Sepanjang minggu ini, dan sedikit demi sedikit, London berubah menjadi kuning dan hitam. Stiker di eskalator Tube. Syal yang diikatkan di tiang lampu. Gembok bergambar BVB di tepi Sungai Thames di Westminster. Para penggemar dengan mata terbelalak berseliweran di pub-pub di Soho, mengernyit melihat harga bir. Mencoba untuk menyerap setiap kenikmatan yang tersedia dari pengalaman sebelum – Anda tahu – sepak bola yang sebenarnya dimulai.
Sangatlah diperdebatkan apakah Borussia Dortmund merupakan tim luar terbesar di babak final dalam sejarah modern Liga Champion. Mungkin Internazionale musim lalu, mungkin Liverpool di tahun 2005. Bagaimanapun, dengan melihat tim lawan, hasil akhir di peringkat lima di Bundesliga dan perjalanan yang mereka nikmati hingga ke final, hanya sedikit yang memberikan mereka harapan di Wembley pada Sabtu malam.
“Saya yakin kami memiliki peluang,” ujar kepala eksekutif mereka, Hans-Joachim Watzke, di bandara Dortmund pada Jumat pagi, yang seperti teriakan-teriakan penuh semangat, mengarah ke sisi yang lebih ringan.
Dan jika Real Madrid berada di sini untuk urusan bisnis dan bisnis saja, bagi Dortmund, hal ini sedikit lebih kompleks. Sejak Jürgen Klopp membawa mereka meraih gelar liga dan piala di tahun 2012, mereka telah tujuh kali berada di peringkat dua Bundesliga, kalah dalam sembilan dari 14 pertandingan final piala. Jika Dortmund terlihat lebih menikmati perjalanan mereka dibandingkan klub-klub lain, hal ini dikarenakan mereka jarang sekali mendapatkan hasil yang baik.
Final Liga Champions terakhir mereka, juga di Wembley pada tahun 2013, memiliki suasana yang sama. Bahkan pada saat itu kekalahan tipis 2-1 dari Bayern Munich terasa seperti titik puncak, puncak dari proyek yang telah dibuat Klopp dengan spektakuler, dan hal itu terbukti.
Satu per satu permata dari tim brilian itu diambil. Mario Götze, Mats Hummels dan Robert Lewandowski oleh Bayern; Ilkay Gündogan oleh Manchester City; sisanya oleh waktu dan penurunan. Klopp sendiri bertahan, sampai tahun 2015, kelelahan dan terpukul. Bayern berada di tahap awal dari sebuah perjalanan yang pada akhirnya akan berakhir dengan 11 gelar Bundesliga secara beruntun. Maka, di kaki bukit rival mereka, Dortmund menyadari perlunya membangun sesuatu yang baru.

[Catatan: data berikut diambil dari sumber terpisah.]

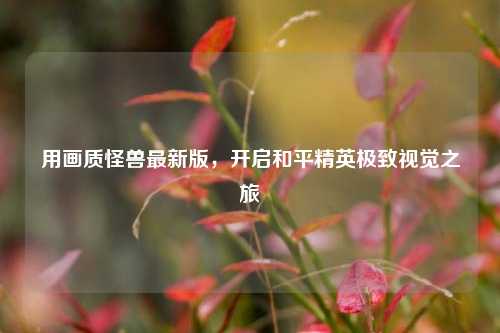用画质怪兽最新版，开启和平精英极致视觉之旅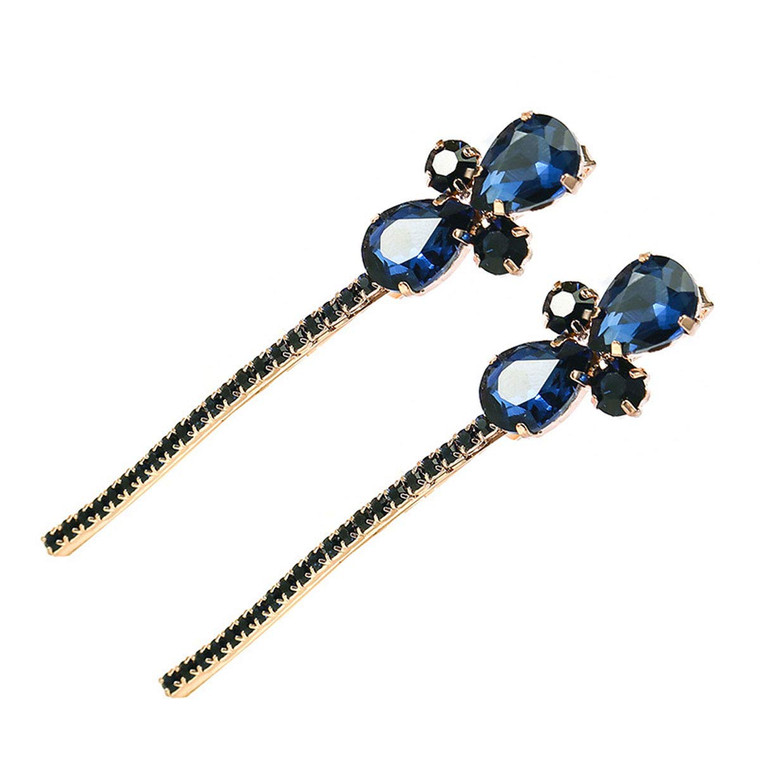 2PCS Women Lady Vintage Imitation Crystal Rhinestone Alloy Barrettes Side Clip Hairpin Hair Clip Bobby Pins Hair Accessories for Wedding Bridal (Blue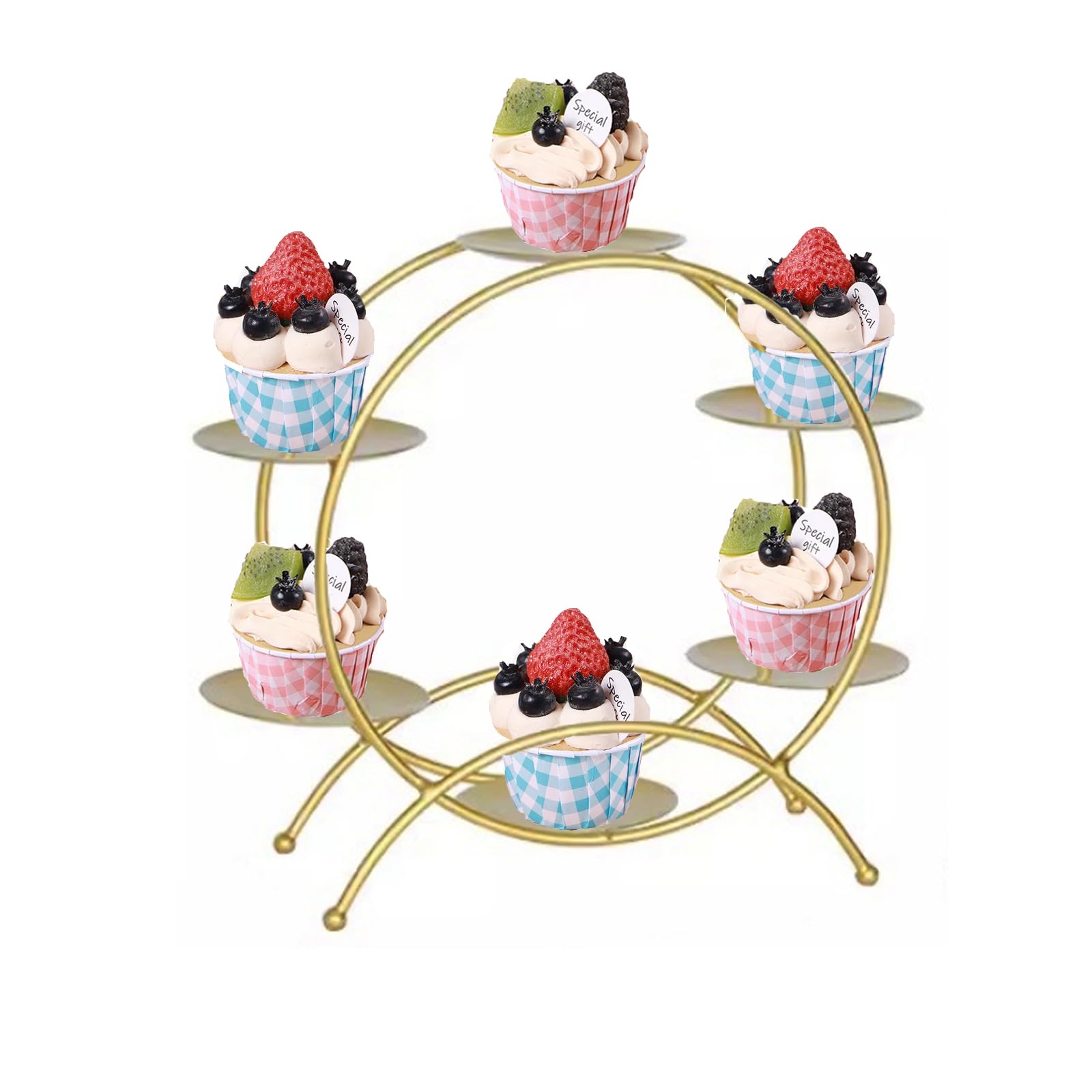 Soporte de metal para cupcakes, decoración creativa de boda y soporte de mesa de postre personalizado para aniversario, cumpleaños y fiesta (tamaño grande, dorado)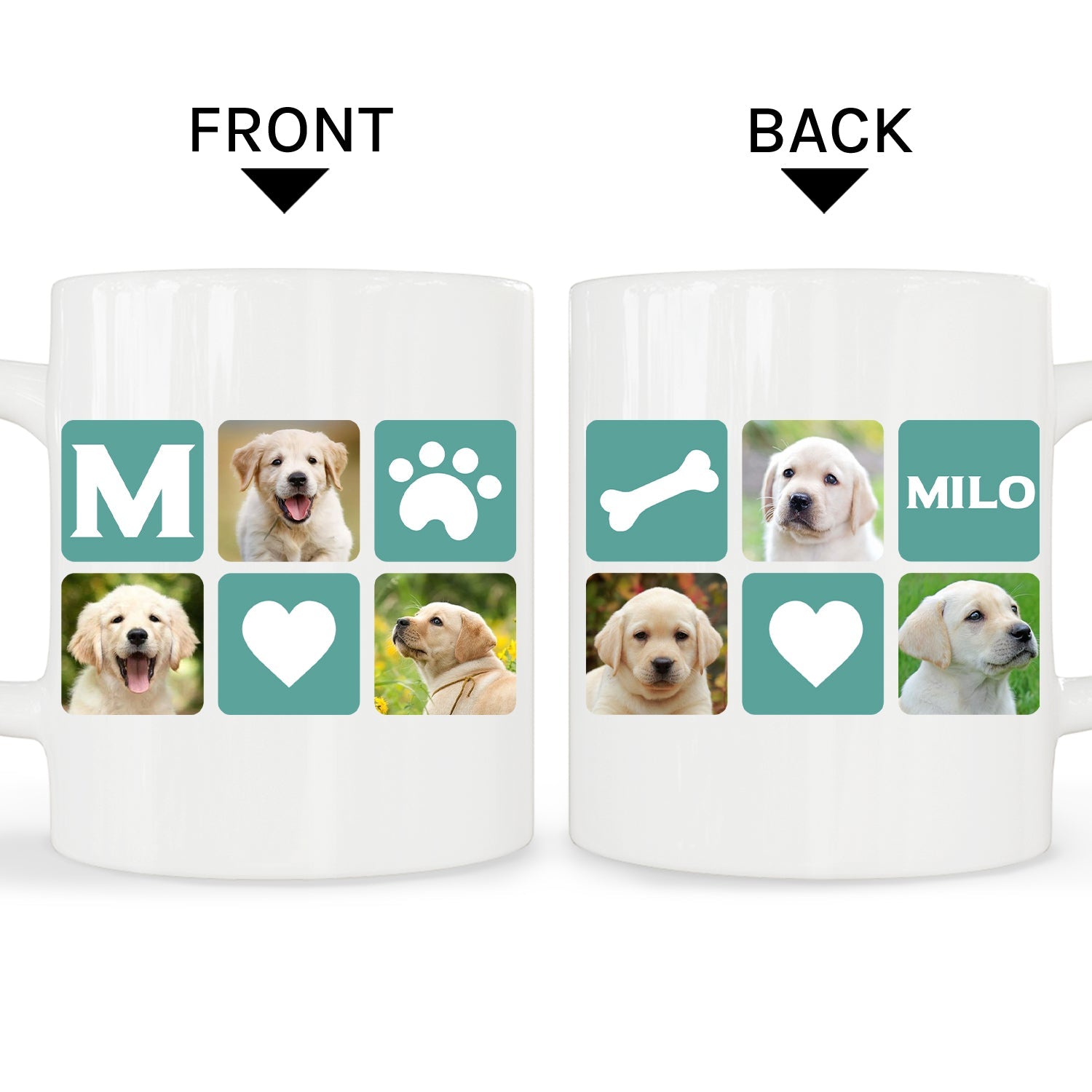 Modern Pet Monogram Photo Collage - Personalized Birthday or Christmas gift for Dog Lovers - Custom Mug - MyMindfulGifts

Selama paruh kedua dekade ini, Dortmund membangun sebuah model yang akan membuat iri benua ini. Bakat-bakat remaja seperti Jadon Sancho, Jude Bellingham, Erling Haaland dan Christian Pulisic diidentifikasi, dikontrak, dan pindah dengan keuntungan yang menggiurkan. Dortmund mampu menjual diri mereka kepada para pemain muda sebagai semacam sekolah yang siap pakai: menit bermain langsung dengan standar elit Liga Champions. Hal itu terlihat bagus di neraca keuangan. Para penggemar dapat menikmati sepak bola yang mendebarkan dan berenergi tinggi. Semua orang menang, selama mereka siap untuk mempersempit definisi mereka tentang “menang”.
Dalam jangka panjang, model Dortmund memiliki dua kelemahan utama. Yang pertama adalah bahwa model ini pada dasarnya menata ulang klub sebagai semacam rumah penampungan manusia, menata ulang pesepakbola itu sendiri sebagai aset yang dingin. Mungkin ini adalah strategi penanggulangan yang diperlukan di bawah bayang-bayang saingan yang dominan secara finansial. Namun ada garis tipis antara menyesuaikan diri dengan kenyataan dan menerima kenyataan, dan di suatu tempat di antara tujuh tempat kedua itu muncul penerimaan internal bahwa Dortmund telah menjadi klub yang disibukkan dengan mengukuhkan posisinya daripada menantangnya.